_Exercise instructions:_ Exactly the lines below starting at the line with "Unveiling the Thrills of BurningWinsX2 Game" and ending at the line with "St Bauzille De" are wanted, with both ends included. Leave out the pictures and add no other lines.

+++ Dataset records

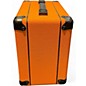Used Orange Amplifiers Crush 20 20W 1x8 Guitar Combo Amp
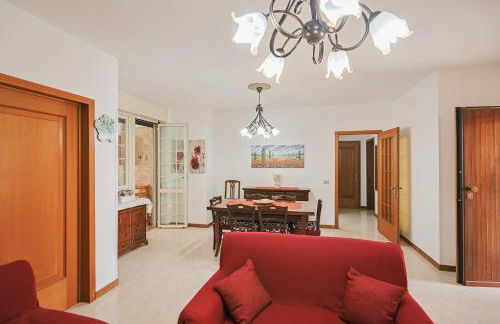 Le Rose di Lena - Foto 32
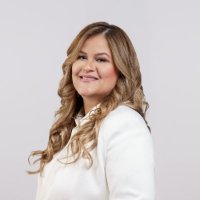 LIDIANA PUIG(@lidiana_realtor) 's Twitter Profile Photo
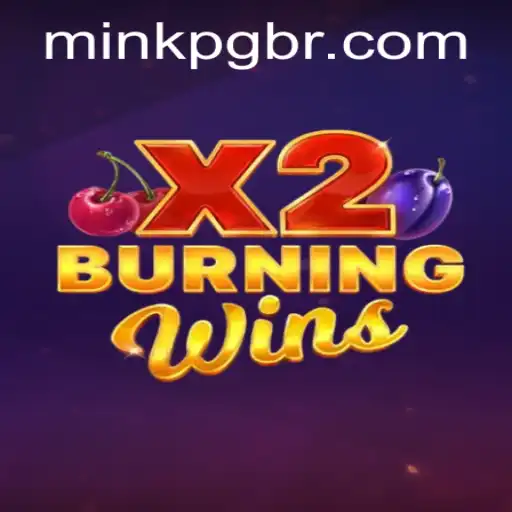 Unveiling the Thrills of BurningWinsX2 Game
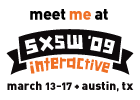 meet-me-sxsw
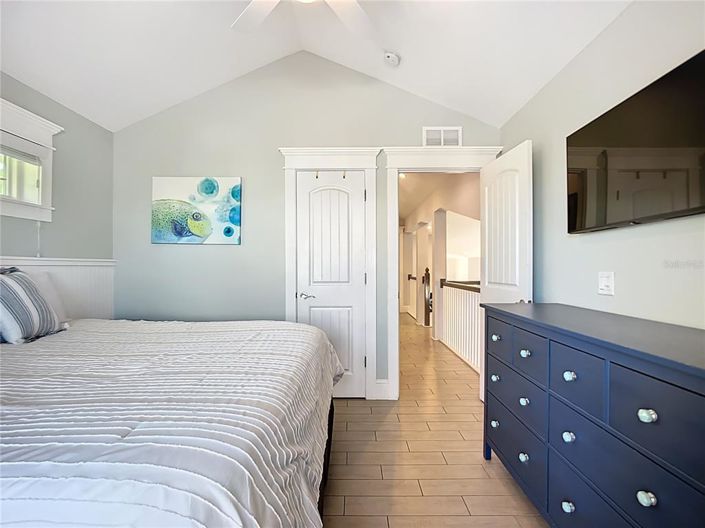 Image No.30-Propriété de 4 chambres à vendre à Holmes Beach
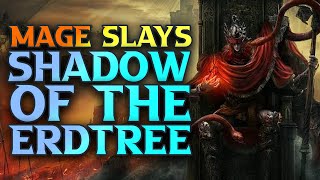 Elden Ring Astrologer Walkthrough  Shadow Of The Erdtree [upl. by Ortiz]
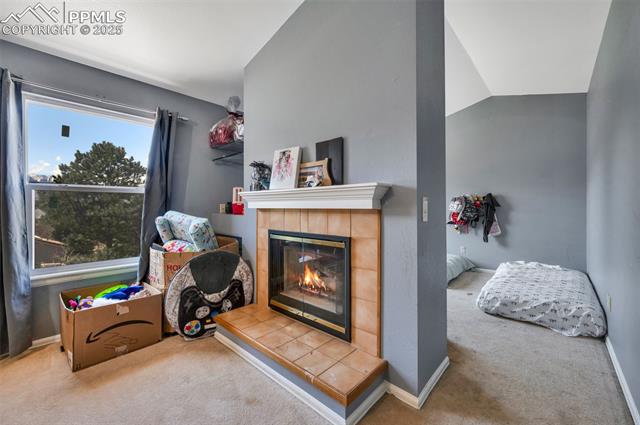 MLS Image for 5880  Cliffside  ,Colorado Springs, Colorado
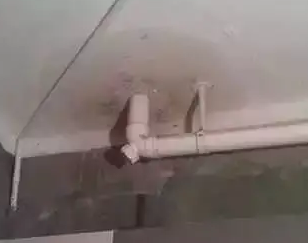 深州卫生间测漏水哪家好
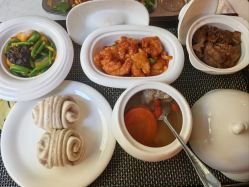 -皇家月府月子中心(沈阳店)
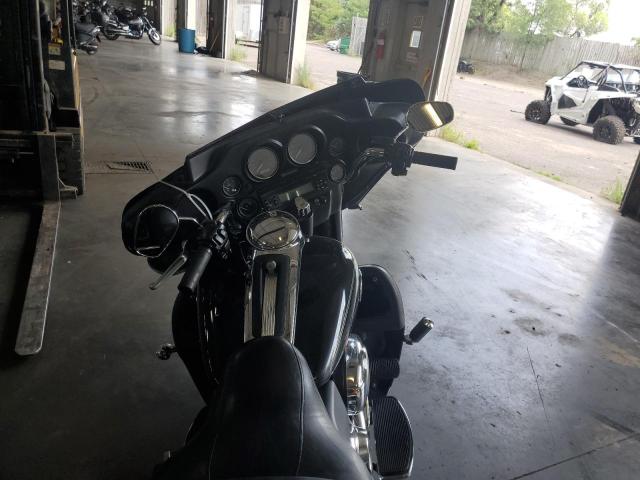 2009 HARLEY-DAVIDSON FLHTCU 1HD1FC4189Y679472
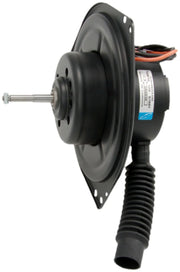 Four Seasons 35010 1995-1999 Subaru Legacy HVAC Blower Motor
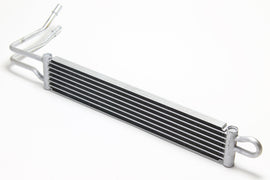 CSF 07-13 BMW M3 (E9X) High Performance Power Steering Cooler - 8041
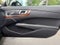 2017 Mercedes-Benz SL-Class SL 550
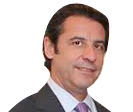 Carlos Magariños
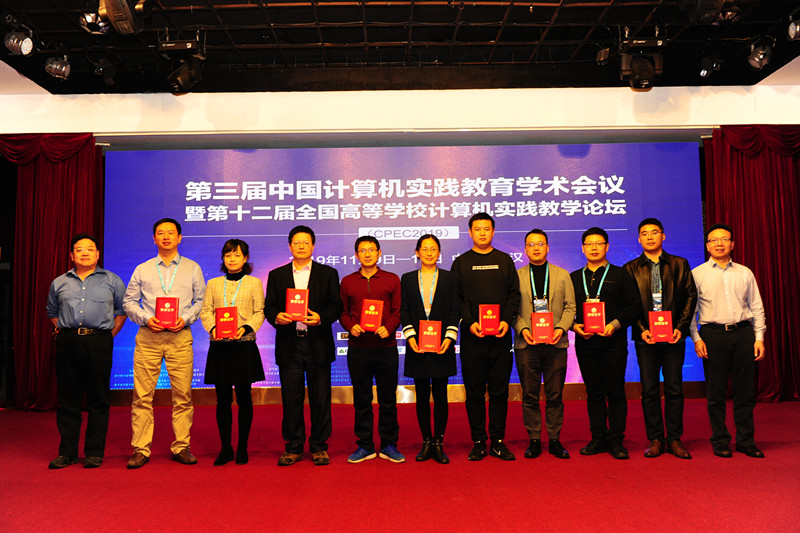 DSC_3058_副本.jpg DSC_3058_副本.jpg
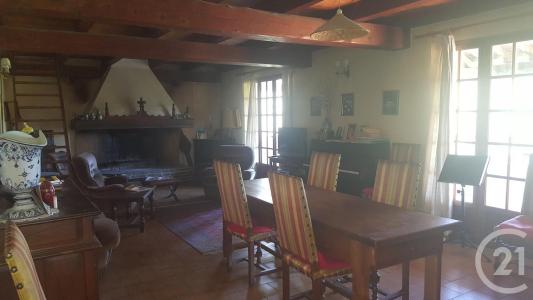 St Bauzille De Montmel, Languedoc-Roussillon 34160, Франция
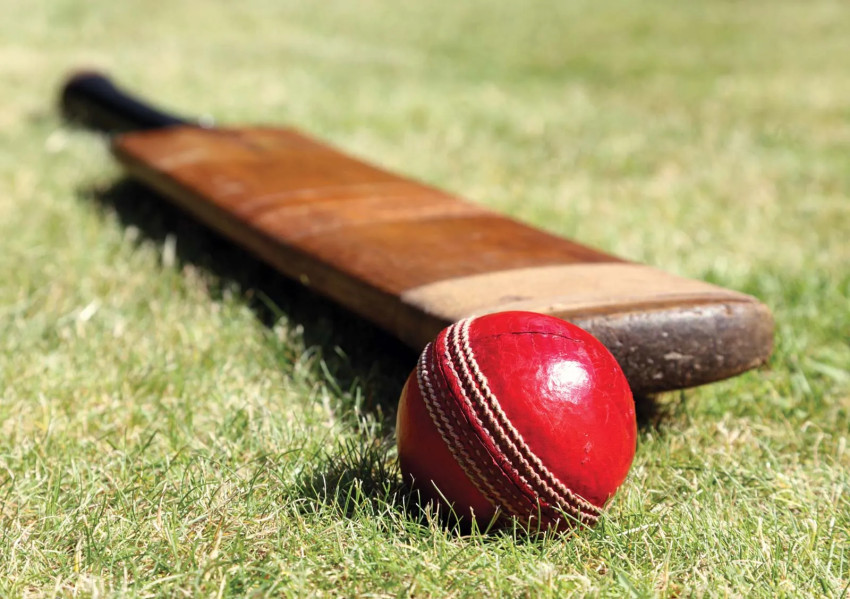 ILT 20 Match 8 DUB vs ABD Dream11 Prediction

++++++

_Output of the task:_
 Unveiling the Thrills of BurningWinsX2 Game
 meet-me-sxsw
 Image No.30-Propriété de 4 chambres à vendre à Holmes Beach
 Elden Ring Astrologer Walkthrough  Shadow Of The Erdtree [upl. by Ortiz]
 MLS Image for 5880  Cliffside  ,Colorado Springs, Colorado
 深州卫生间测漏水哪家好
 -皇家月府月子中心(沈阳店)
 2009 HARLEY-DAVIDSON FLHTCU 1HD1FC4189Y679472
 Four Seasons 35010 1995-1999 Subaru Legacy HVAC Blower Motor
 CSF 07-13 BMW M3 (E9X) High Performance Power Steering Cooler - 8041
 2017 Mercedes-Benz SL-Class SL 550
 Carlos Magariños
 DSC_3058_副本.jpg DSC_3058_副本.jpg
 St Bauzille De Montmel, Languedoc-Roussillon 34160, Франция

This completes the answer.